Aim of the task:
Each line of the data must reappear exactly in your answer, with no images included.

Available data:

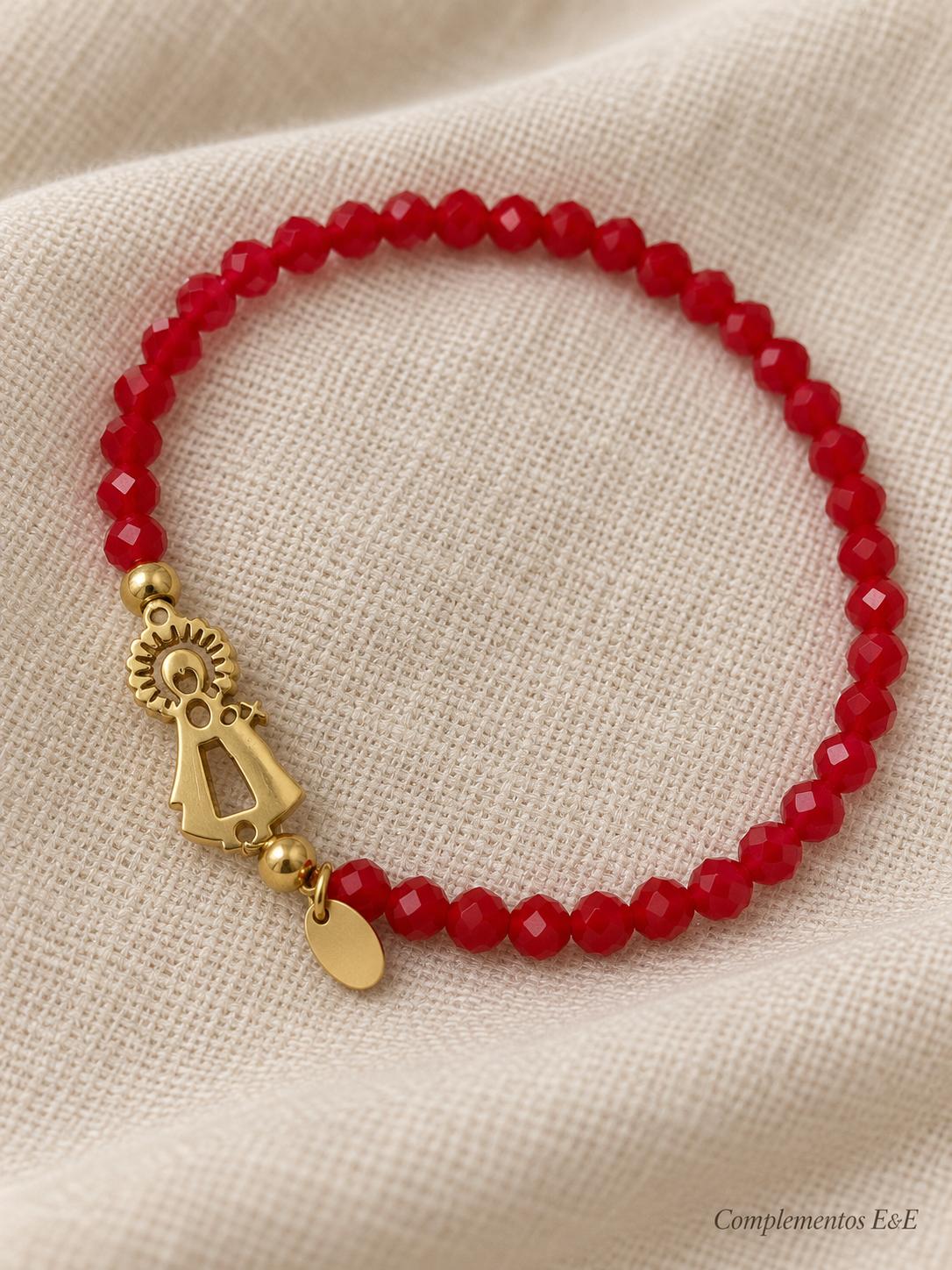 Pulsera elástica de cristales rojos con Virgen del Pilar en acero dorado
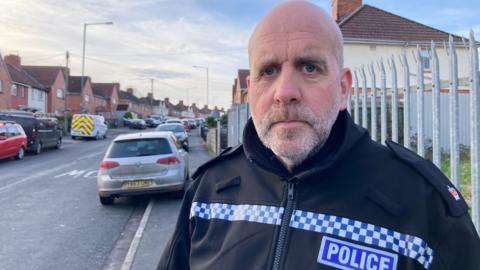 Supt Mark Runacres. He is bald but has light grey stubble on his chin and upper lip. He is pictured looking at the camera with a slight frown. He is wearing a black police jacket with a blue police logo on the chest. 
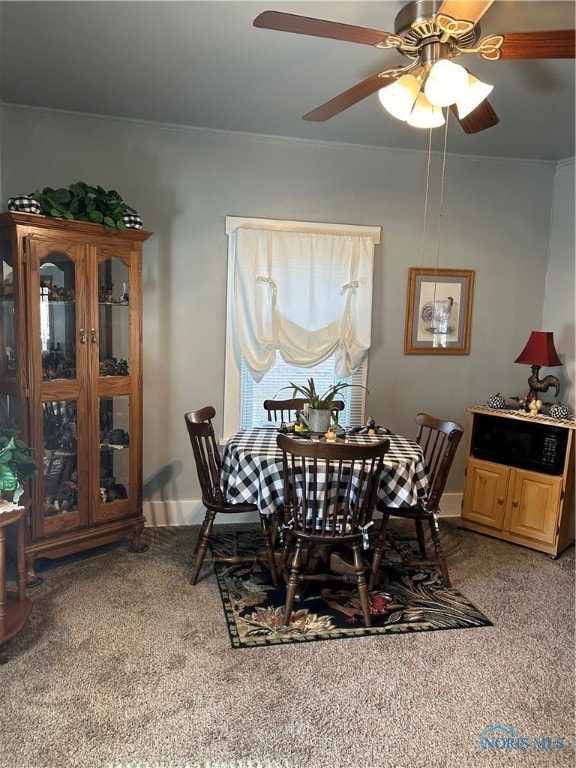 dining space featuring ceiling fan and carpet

Completed exercise:
 Pulsera elástica de cristales rojos con Virgen del Pilar en acero dorado
 Supt Mark Runacres. He is bald but has light grey stubble on his chin and upper lip. He is pictured looking at the camera with a slight frown. He is wearing a black police jacket with a blue police logo on the chest. 
 dining space featuring ceiling fan and carpet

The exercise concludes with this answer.